You had to dig up _this_ 3-year-old thread for _*YOUR VERY FIRST POST*_??? :scratch: :nono2:

No "thanks for all the helpful advice", no "I'm having this problem", not even an "I have this satellite equipment" (there's not even any listed on your Profile).

What exactly are you here for?????

:newbie: 
(Never used that before and hope I don't have to again!)

:wave: 
Don't let the door hit your cable-ass on the way out!


----------



## lazaruspup

nascargurl95 said:


> hello jeff gordon is so gay!! if u ppl cant realixe that then u have problems.. his wife had every right 2 leave him...


Ok, so who cares... only the ******** that watch Nascar would even care. Having worked for Nextel, not even they take Nascar seriously. Its a great promotion but 90 percent of the regional offices and corporate execs think it is the greatest joke ever that they serve the largest contingency of hilljacks ever. The inside joke at Nextel is that Nascar is short for "New Age Sport for Crazy Ass ********". 

If the guy is gay, leave him be. He's probably better off divorced, maybe then he can get some peace in his life.



Laverne said:


> :wave:
> Don't let the door hit your cable-ass on the way out!


Did nascargurl hit a nerve here?? I mean, really, you know nothing about this poster, maybe she had DISH... GASP... God forbid, someone not have DISH... how petty.


----------



## durl

Come on, people. Just because a couple gets a divorce doesn't mean one of them is gay. These special interest groups have got some of you looking for homosexuals everywhere. Perhaps, just perhaps, they just don't want to be married any longer...simple as that.


----------



## djlong

Gordon has been fighting that moniker since Day One because he's more photogenic than his competitors.

The only time I ever saw Earnhardt fans root for Gordon was when he was getting his divorce. Brook wanted half his earnings and an *incredible* amount of alimony (to say nothing of over half the assets).

Their opinion was to let HER defy death in a race car at 200MPH for just one day and see who had a right to what.


----------



## Nick

This thread is three years old fer crissake! Let it die a peaceful death.

The real reason Jeff didn't blow his engine is that the tailpipe was too hot.


----------



## Msguy

I feel sorry for Jeff Gordon. If I was him i'd fight her in court. I wouldn't let her have the ocean side home or exclusive use of it and the Chef and the house cleaners and whatever. It's way to obvious she's wanting his money.

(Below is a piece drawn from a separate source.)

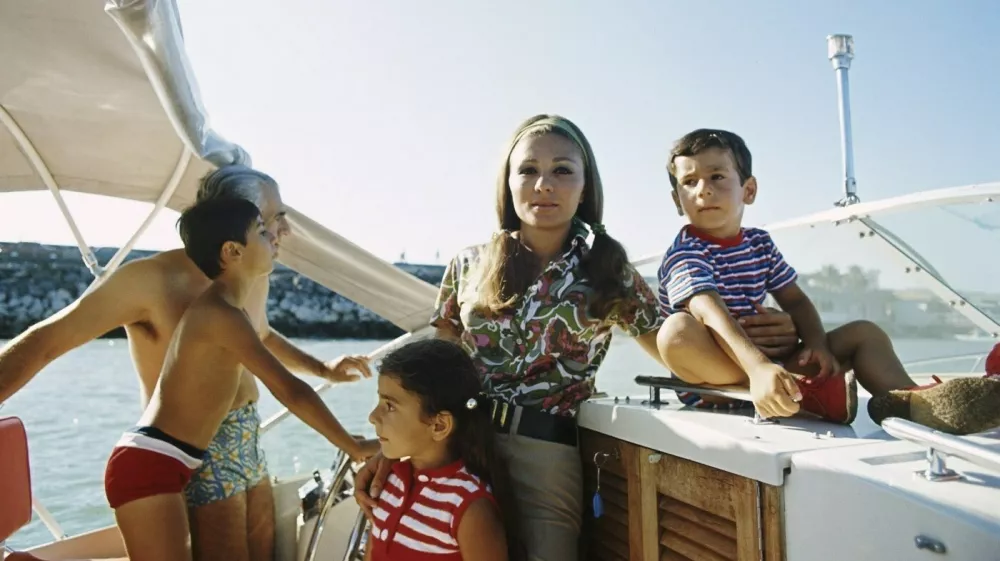 Pred islamsko revolucijo leta 1979 so iranske ženske, zlasti v urbanih središčih, kot je Teheran, uživale precejšnjo svobodo pri izbiri oblačil. Foto: youtube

It sounds like she's nothing but a ***** who needs a good ass kicking instead of an Alimony check every month.


----------



## Mike D-CO5

Yeah !! Jeff ought to hit her with his big pink purse.:lol: :lol: :lol: :lol:


----------



## Laverne

Could someone please close this thread and put it out of its misery??? PLEASE??


----------



## Steve Mehs

After three years, almost to the exact day I have no idea why anyone would bring this up. The issue is dead, just like this thread.


----------